Very versatile vetiver
Possibly the most paradoxical note in perfumery: let’s try and understand why.
One my first fragrant memories is related to my uncle Fulvio. He was an elegant, ironic and generous person and he used to wear only one perfume. It was so classy and distinctive – later on I learned that could be defined as a ‘signature’ scent – that you could smell it even hours after he had left our home. He was my loved daddy’s brother, we met him quite often, and was already nosy, so the day came when I asked him: “Uncle Fulvio, what is this perfume you’re always wearing?” He replied: “It’s called Vetiver”.
It's been a lot of time since. But that was enough to forever associate vetiver with a man, a gentleman. At the time I was a little girl, so vetiver was impossible to define. It just smelled fresh and rich and in my infantile mind it reminded me of something green and woody. And, unknowingly, I associated it with tobacco.
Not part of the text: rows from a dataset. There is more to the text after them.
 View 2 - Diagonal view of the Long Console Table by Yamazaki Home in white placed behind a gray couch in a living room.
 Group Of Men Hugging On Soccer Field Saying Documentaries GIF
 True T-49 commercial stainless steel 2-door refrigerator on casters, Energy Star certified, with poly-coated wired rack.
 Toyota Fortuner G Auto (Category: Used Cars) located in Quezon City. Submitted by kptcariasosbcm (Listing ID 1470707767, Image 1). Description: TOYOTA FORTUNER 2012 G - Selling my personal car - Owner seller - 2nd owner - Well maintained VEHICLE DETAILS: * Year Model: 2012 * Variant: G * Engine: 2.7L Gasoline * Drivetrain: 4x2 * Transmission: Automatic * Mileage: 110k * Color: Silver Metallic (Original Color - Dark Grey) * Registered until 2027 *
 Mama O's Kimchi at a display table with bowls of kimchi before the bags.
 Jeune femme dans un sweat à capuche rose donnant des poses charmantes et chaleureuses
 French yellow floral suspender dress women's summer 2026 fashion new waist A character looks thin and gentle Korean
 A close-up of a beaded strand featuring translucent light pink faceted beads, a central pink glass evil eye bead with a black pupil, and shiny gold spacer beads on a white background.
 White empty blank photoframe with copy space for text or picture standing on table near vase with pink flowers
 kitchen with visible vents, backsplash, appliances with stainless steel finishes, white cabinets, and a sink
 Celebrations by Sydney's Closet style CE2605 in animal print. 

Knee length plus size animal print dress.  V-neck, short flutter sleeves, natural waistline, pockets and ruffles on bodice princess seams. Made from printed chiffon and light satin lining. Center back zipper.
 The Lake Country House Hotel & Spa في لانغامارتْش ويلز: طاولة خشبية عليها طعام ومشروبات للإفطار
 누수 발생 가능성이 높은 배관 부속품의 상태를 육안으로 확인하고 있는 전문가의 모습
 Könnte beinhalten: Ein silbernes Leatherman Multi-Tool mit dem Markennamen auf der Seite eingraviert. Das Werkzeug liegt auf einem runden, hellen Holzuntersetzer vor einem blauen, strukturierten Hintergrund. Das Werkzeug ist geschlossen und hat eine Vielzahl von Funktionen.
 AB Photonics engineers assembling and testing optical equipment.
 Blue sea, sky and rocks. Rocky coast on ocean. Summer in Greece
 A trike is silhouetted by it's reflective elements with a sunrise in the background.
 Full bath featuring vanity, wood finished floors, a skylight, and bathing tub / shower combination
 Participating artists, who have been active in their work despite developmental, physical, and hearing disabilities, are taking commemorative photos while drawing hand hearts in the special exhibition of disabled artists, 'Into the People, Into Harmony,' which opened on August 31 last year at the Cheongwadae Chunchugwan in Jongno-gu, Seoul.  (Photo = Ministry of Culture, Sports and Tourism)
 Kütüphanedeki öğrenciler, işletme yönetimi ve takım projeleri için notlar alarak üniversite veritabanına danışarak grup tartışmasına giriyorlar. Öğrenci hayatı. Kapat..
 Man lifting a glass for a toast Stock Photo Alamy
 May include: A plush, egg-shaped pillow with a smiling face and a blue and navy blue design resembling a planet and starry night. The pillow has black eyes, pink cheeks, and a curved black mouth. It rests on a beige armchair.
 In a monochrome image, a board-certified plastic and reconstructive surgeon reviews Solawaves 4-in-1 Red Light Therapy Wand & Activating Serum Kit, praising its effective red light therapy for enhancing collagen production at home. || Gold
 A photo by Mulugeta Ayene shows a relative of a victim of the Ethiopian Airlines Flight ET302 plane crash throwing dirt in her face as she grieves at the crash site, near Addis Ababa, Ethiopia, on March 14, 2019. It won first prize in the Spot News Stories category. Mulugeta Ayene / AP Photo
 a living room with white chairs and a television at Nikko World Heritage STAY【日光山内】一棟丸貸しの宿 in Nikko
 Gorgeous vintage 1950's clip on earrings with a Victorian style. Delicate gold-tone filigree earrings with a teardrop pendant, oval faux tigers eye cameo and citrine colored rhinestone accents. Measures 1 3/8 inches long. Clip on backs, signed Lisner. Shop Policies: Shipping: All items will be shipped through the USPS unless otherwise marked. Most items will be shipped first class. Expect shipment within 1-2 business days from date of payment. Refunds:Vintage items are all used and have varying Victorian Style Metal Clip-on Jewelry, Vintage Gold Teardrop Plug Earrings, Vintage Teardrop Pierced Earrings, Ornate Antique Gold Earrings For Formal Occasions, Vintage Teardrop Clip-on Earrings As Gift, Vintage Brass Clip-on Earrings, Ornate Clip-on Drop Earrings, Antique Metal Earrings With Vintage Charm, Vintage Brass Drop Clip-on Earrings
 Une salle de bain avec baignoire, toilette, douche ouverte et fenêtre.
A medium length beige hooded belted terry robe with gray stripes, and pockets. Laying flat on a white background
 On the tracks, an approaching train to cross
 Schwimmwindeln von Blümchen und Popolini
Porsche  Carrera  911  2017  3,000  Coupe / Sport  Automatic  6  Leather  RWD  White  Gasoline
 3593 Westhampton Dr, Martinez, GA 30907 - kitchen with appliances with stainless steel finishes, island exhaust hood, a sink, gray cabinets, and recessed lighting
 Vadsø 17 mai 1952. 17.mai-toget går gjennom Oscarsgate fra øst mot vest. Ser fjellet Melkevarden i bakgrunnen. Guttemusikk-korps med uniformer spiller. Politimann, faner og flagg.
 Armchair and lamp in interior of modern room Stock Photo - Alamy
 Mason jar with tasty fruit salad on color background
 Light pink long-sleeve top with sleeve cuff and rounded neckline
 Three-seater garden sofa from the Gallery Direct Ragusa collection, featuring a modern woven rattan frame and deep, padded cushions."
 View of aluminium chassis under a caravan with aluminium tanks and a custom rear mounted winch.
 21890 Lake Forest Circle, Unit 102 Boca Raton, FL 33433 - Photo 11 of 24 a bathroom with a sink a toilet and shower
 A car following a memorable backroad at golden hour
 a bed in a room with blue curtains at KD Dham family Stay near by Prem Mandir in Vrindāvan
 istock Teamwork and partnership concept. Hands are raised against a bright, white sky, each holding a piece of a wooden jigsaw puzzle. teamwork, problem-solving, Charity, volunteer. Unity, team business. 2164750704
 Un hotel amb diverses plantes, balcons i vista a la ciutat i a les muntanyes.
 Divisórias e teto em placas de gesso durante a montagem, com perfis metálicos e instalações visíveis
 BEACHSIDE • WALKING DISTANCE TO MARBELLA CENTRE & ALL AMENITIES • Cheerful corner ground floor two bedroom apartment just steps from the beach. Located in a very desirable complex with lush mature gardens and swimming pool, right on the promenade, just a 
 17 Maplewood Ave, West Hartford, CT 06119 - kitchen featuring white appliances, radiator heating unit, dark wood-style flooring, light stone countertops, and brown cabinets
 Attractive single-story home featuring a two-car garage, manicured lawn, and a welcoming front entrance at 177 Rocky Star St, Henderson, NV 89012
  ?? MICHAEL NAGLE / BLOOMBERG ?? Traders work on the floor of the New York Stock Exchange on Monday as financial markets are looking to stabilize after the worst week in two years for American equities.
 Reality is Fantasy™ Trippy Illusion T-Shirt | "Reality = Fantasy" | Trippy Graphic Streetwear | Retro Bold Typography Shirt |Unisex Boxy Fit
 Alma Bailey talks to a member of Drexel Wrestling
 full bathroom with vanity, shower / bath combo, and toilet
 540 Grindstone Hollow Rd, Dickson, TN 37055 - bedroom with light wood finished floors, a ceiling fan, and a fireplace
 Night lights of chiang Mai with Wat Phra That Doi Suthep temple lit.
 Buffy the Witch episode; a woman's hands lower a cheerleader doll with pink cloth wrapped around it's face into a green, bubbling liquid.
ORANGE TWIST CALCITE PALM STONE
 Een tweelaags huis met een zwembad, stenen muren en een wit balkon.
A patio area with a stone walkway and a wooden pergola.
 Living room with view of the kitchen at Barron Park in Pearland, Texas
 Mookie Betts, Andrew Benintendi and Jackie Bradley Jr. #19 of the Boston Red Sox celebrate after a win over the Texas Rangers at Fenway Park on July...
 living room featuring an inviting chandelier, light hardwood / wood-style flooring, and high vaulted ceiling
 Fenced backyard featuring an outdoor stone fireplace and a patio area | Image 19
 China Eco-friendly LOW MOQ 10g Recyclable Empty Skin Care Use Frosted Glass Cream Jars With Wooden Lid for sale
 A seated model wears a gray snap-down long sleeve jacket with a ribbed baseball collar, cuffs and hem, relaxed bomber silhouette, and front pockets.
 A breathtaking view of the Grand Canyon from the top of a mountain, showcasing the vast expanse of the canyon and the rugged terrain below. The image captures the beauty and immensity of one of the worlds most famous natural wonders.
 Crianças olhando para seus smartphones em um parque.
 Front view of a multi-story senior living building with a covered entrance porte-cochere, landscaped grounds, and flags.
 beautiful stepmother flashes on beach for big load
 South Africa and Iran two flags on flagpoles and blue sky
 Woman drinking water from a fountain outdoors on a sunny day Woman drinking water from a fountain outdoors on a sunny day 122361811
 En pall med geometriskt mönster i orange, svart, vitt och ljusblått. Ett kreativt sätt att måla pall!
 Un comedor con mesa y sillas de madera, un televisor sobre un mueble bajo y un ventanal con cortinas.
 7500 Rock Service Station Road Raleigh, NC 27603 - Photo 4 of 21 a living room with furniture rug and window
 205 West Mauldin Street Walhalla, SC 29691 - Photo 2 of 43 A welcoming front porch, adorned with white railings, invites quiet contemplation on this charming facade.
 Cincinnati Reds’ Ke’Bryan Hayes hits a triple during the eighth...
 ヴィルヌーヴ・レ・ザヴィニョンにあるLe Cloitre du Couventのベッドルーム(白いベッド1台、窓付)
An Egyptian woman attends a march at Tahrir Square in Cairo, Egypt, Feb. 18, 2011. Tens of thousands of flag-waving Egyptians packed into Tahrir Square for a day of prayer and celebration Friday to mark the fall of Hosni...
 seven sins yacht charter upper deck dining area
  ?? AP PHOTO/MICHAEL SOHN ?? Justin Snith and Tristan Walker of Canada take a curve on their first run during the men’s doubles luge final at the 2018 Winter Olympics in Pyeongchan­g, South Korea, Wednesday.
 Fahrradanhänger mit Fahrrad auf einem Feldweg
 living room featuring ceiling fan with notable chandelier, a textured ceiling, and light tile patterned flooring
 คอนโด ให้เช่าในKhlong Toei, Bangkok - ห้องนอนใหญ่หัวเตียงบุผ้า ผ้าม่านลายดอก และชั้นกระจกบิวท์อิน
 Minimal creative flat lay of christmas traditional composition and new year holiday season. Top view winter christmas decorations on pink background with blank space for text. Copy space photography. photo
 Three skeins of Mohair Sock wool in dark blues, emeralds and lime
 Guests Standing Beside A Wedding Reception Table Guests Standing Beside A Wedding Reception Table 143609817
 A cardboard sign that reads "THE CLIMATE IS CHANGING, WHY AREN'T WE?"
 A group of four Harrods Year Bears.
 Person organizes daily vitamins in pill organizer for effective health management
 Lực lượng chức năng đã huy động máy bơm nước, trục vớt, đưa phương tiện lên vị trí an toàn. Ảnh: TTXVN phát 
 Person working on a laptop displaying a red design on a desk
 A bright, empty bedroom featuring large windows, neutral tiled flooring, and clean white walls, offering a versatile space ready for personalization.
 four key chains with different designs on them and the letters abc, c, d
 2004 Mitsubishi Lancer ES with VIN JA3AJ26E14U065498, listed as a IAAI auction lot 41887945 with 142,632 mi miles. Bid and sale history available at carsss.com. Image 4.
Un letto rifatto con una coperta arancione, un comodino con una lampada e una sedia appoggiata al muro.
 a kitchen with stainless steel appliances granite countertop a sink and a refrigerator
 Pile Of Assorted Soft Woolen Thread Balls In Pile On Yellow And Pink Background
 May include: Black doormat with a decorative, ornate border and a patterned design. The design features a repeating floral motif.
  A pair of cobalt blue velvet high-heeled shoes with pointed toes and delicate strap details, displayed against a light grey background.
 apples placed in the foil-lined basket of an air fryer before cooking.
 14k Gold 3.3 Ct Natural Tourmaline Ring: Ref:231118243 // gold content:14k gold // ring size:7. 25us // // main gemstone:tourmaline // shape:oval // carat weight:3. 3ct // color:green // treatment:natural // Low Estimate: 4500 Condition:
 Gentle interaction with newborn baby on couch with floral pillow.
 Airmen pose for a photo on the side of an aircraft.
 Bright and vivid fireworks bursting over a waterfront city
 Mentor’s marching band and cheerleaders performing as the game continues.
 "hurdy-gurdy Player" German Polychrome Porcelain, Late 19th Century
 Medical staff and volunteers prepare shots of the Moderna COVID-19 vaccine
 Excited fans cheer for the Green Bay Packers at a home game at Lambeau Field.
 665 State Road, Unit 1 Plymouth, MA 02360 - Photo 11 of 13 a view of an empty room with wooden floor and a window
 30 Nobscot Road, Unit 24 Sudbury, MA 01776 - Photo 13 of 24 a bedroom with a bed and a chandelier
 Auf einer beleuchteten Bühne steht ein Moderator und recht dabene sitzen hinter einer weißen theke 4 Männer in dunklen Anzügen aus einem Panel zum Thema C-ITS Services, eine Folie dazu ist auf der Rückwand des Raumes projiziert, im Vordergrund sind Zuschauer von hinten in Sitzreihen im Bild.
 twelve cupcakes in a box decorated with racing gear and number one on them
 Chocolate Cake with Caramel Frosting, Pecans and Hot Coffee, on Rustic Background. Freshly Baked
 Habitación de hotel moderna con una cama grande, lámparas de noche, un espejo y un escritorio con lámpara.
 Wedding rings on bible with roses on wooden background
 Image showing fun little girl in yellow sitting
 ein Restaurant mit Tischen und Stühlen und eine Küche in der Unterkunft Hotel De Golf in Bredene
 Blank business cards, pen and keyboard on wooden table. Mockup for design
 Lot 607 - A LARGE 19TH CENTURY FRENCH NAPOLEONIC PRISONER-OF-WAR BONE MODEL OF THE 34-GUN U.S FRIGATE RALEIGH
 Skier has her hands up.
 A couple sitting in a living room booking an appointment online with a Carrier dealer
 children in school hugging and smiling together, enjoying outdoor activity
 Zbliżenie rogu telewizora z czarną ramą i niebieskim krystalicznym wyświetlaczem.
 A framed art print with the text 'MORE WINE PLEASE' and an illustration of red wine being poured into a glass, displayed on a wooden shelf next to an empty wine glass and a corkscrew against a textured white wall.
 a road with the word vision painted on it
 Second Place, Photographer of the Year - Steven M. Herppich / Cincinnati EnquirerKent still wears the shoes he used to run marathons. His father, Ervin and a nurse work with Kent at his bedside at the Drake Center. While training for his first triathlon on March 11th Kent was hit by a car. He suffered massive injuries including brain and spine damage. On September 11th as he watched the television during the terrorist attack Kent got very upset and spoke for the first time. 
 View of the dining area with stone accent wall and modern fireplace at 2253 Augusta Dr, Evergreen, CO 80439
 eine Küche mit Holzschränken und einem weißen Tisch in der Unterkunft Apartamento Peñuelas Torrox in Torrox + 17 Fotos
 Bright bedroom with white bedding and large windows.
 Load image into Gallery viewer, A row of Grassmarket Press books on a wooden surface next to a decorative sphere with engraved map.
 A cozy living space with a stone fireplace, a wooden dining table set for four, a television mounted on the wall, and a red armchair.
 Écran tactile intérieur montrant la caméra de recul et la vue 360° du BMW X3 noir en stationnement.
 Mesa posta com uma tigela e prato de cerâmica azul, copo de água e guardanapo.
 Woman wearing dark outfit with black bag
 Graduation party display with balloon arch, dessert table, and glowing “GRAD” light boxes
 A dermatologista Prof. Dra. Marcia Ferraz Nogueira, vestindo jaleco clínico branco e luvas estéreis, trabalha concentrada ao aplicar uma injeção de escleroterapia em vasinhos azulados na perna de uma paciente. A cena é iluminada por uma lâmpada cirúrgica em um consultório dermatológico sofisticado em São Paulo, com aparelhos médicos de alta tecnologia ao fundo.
Now that rudimentary impression has (obviously and luckily) become a better developed point of view. To me, vetiver is so complex to describe, it can hardly be caged into a universally shareable definition. If it was a color, it would be some shade between dark green and brown. If it was a drink, it could possibly be a peated whiskey. Fresh and earthy, dry and rich, sensual and classy at the same time, vetiver gives you a ‘comforting energy’. Like a calm gentleman who has no need to show off his nobility.
Vetiver defies definition also because it comes from different places: it is an evergreen plant (and a timeless ingredient) native to India, Sri Lanka and Indonesia and it only appeared in the West at the beginning of the 19th century. Precisely in France, imported from Réunion Island. So, among the different qualities of the natural essential oil, we can distinguish the Vetiver Java, cultivated in the islands of Indonesia and in the islands of Reunion and Seychelles, with a smoky scent, very earthy and heavy - from Vetiver Haiti, coming from the Bourbon islands, which has a warmer, punchy and balsamic scent, and a higher value.
In the history of perfumery there are famous episodes and curious cases starring vetiver, while in contemporary formulations it’s often (and surprisingly, maybe) used in women’s fragrances. It adds a woody, softly spicy note making the composition deeper and richer, so vetiver is almost omnipresent. And its memory is still very clear in my mind, in my nose and in my heart. And forever will be.